Initial reply briefs split over proposed Alma-La Crosse line

There were few, if any, surprises in the initial reply briefs in response to three days of hearings on the proposed Alma-La Crosse CapX2020 line (Docket No: 05-CE-136), filed with the Public Service Commission of Wisconsin (PSCW) March 30.

Documents filed by the applicants Dairyland Power Cooperative, Northern States Power Company-Wisconsin, and WPPI predictably supported the line. “It is beyond reasonable dispute that the project is needed, and as proposed, is reasonable and should be approved,” the applicants stated in their brief.

The Midwest ISO (MISO) also filed in support of the project. The grid operator said the project is needed to provide an adequate supply of energy, that it provided significant regional benefits, and that the project was needed to meet North American Electric Reliability Corporation (NERC) reliability standards, which it said could not be met by other alternatives, including additional generation.

American Transmission Company (ATC) was also supportive of the proposed project. saying the line “would provide significant reliability, usage, and service benefits to Wisconsin customers and these benefits are reasonable in relation to the project cost.”

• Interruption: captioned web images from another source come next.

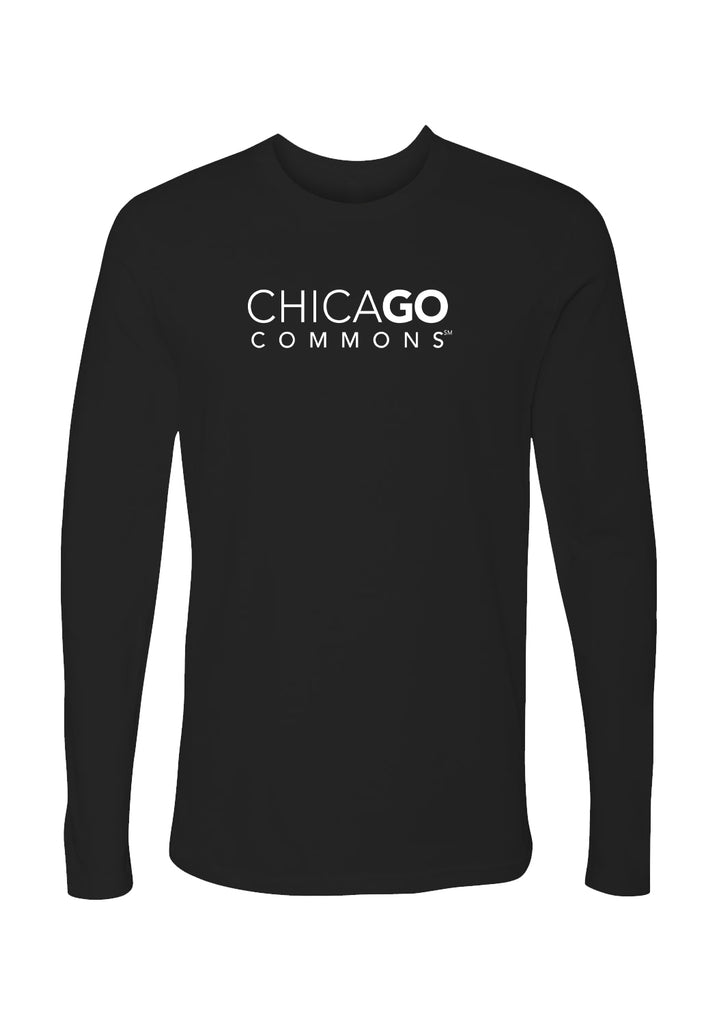 Chicago Commons unisex long-sleeve t-shirt (black) - front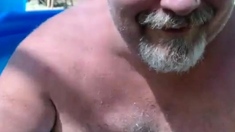 Naked Pool Dad
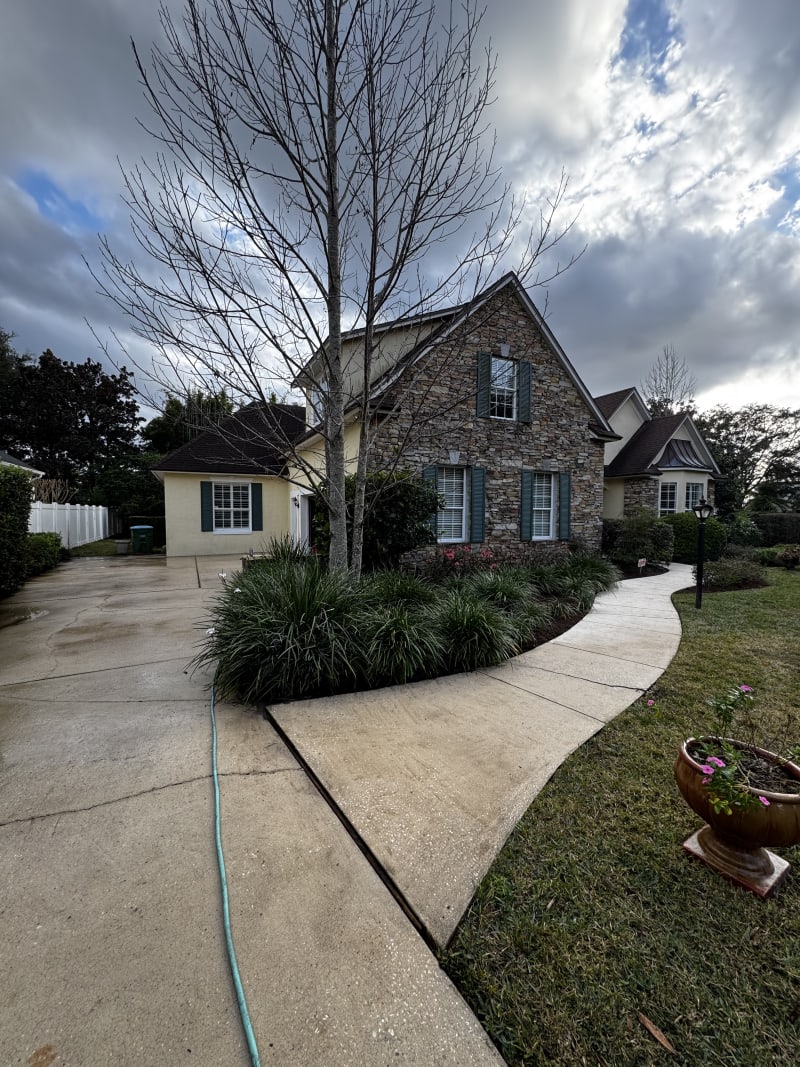 After landscaping project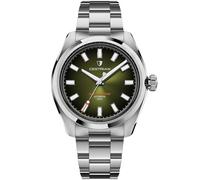 Cestrian Master Series V3 40mm Automatic Men’s Watch - Green Dial, 316L Stainless Steel Case & Bracelet, 200m Water Resistant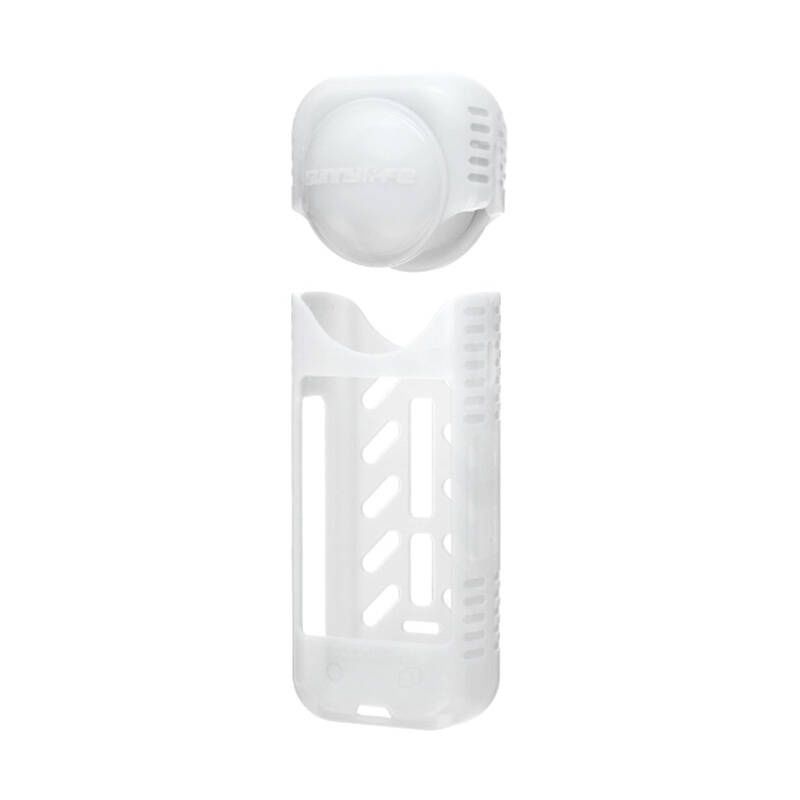 Etui Silikonowe Sunnylife Do Insta360 X4 Osłona Obiektywu Białe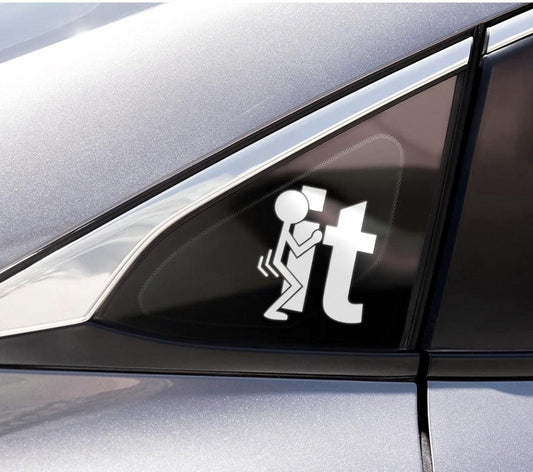 Fuck it | window decal | laptop sticker | large decal | multiple sizes and colors | holographic silver car funny decal c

Opponents to the project included the Citizens Utility Board (CUB) and NoCapX2020/Citizens Energy Task Force.

The CUB said the project was “excessive relative to the local need in the La Crosse area.” Notably, the CUB took a position opposite MISO in stating that the proposed project “cannot be justified on the basis of regional need because no regional benefits arise from the project by itself. All purported regional benefits are dependent upon installation of another 345 kV transmission line to the east of the Applicants’ proposal, the application for which has not been filed,” the CUB said in its filing.

NoCapX2020 and Citizens Energy Task Force filed a joint brief, in which the two groups asserted that the applicants’ “need” claims were overstated, and that the project was excessive, even in view of that overstated claim. The groups also stated the project would not be needed to meet the local needs of La Crosse until 2024, was not needed for regional reliability, and the costs were not reasonable.

The brief filed by the Wisconsin Department of Transportation (WisDOT) stopped short of supporting or opposing the project as a whole, instead focusing its comments on whether it would be able to permit or accommodate the project along each of the nine proposed alignments that cross land with scenic or other easements for which WisDOT is responsible.

“WisDOT has determined that it can permit and/or accommodate four of the proposed nine routes [but] cannot permit or accommodate the remaining five routes, absent an underground solution,” the agency said in its brief.

The five routes it found it could not approve “are in opposition with the values, purpose, and public investment in the Great River Road National Scenic Byway and National Parkway. To permit and/or accommodate the five remaining routes would constitute an abrogation of WisDOT’s duties and responsibilities under law and public policy,” WisDOT said in its filing.

The PSCW is required to take action on the application for a CPCN by June 4.